[Records excerpted from a collection]
# # # # # # #

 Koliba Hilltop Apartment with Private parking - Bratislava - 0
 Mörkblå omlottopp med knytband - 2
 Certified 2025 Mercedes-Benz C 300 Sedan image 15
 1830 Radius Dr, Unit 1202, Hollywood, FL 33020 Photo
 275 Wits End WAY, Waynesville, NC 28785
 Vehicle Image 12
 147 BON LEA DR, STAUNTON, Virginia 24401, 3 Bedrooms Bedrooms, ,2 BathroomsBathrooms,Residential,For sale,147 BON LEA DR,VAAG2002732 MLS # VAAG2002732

# # # # # # #

** Problem details **
Only the lines from the one holding "275 Wits End WAY, Waynesville, NC 28785" to the end of the entries above belong in the answer, each copied exactly.

** Result **
 275 Wits End WAY, Waynesville, NC 28785
 Vehicle Image 12
 147 BON LEA DR, STAUNTON, Virginia 24401, 3 Bedrooms Bedrooms, ,2 BathroomsBathrooms,Residential,For sale,147 BON LEA DR,VAAG2002732 MLS # VAAG2002732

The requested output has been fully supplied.